Aug 9, 2022 - Politics & Policy

Convicted, disgraced ex-politicians attack FBI over Mar-a-Lago search

Andrew Cuomo, Paul Manafort and Rod Blagojevich
From left: Former New York Gov. Andrew Cuomo, former Trump campaign manager Paul Manafort and former Illinois Gov. Rod Blagojevich. Photos: Lev Radin/Pacific Press/LightRocket; Andrew Harrer/Bloomberg; Scott Olson via Getty Images

Disgraced former elected officials and political operatives came out of the woodwork on Tuesday to condemn the FBI search of former President Trump's Mar-a-Lago estate.

Why it matters: Figures like Rod Blagojevich, the former Democratic governor of Illinois who later described himself as a "Trumpocrat," and former Trump campaign chairman Paul Manafort are intimately familiar with federal law enforcement tactics — and more likely than most to see FBI action against a public figure as politically motivated.

  • Both have described their own prosecutions as tainted by politics.

Driving the news: "Targeting political leaders by a weaponized and politicized DOJ is a criminal attack on our democracy. A tragic day for ALL Americans," tweeted Blagojevich, who did prison time after trying to sell Barack Obama's Senate seat.

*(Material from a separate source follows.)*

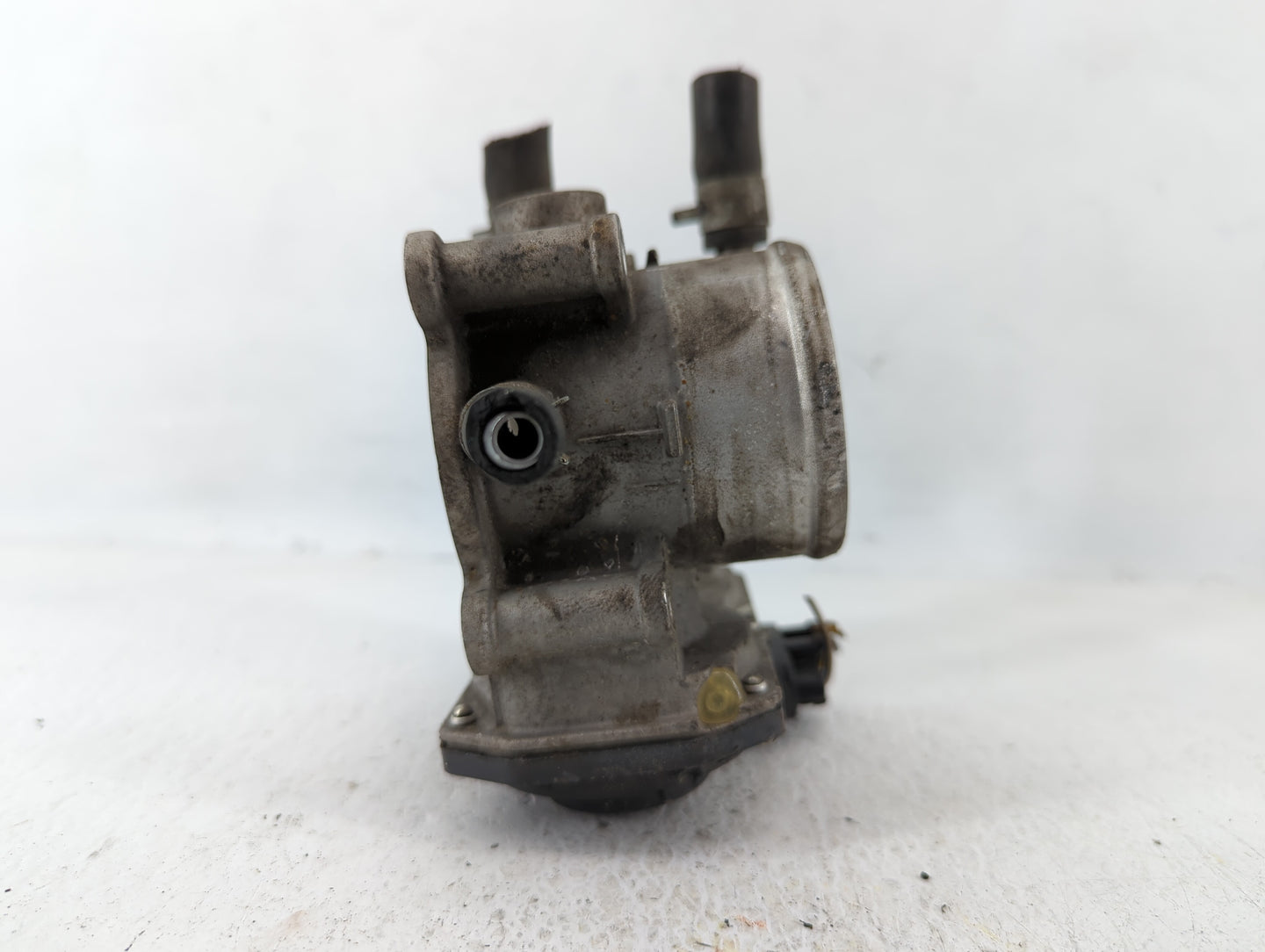 2012-2019 Kia Soul Throttle Body P/N:35100-2B300 Fits Fits 2012 2013 2014 2015 2016 2017 2018 2019 OEM Used Auto Parts - Oem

  • Manafort, who is fresh out of federal prison after being prosecuted in the Mueller investigation, also weighed in.
  • "This is justice in the Biden administration," he lamented. "I predicted this in my book coming out on Aug 16, 'Political Prisoner: Persecuted, Prosecuted, but Not Silenced.'"
  • Trump pardoned Manafort and commuted Blagojevich's sentence during his final weeks in office.

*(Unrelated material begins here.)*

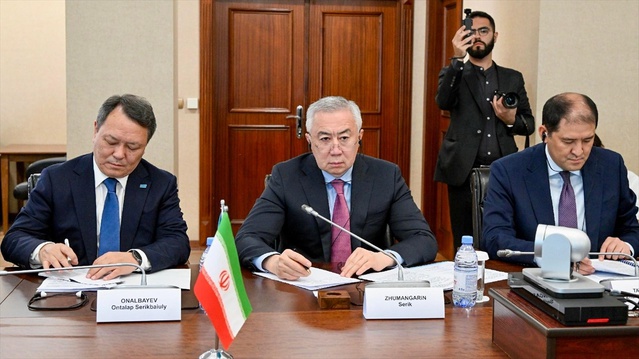 Kazakistan ve İran İşbirliği Geliştiriliyor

The FBI raid also drew some scorn from Andrew Cuomo, the former Democratic New York governor who stepped down last year amid sexual harassment allegations he continues to deny.

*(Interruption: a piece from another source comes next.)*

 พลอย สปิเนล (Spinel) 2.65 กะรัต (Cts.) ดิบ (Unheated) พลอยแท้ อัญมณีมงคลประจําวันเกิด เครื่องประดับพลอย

  • "DOJ must immediately explain the reason for its raid & it must be more than a search for inconsequential archives," he tweeted.
  • Otherwise, "it will be viewed as a political tactic and undermine any future credible investigation & legitimacy of January 6 investigations."

Some more obscure disgraced ex-politicos also spoke up.

  • Don Blankenship, the former West Virginia coal executive who unsuccessfully ran for Senate in the state, devoted a whole email to the Trump raid on Tuesday.
  • "As a person who faced life in prison for charges DOJ knew I did not commit I sympathize with Trump," wrote Blankenship, who served a year in prison after an explosion at one of his company's coal mines killed 29 people.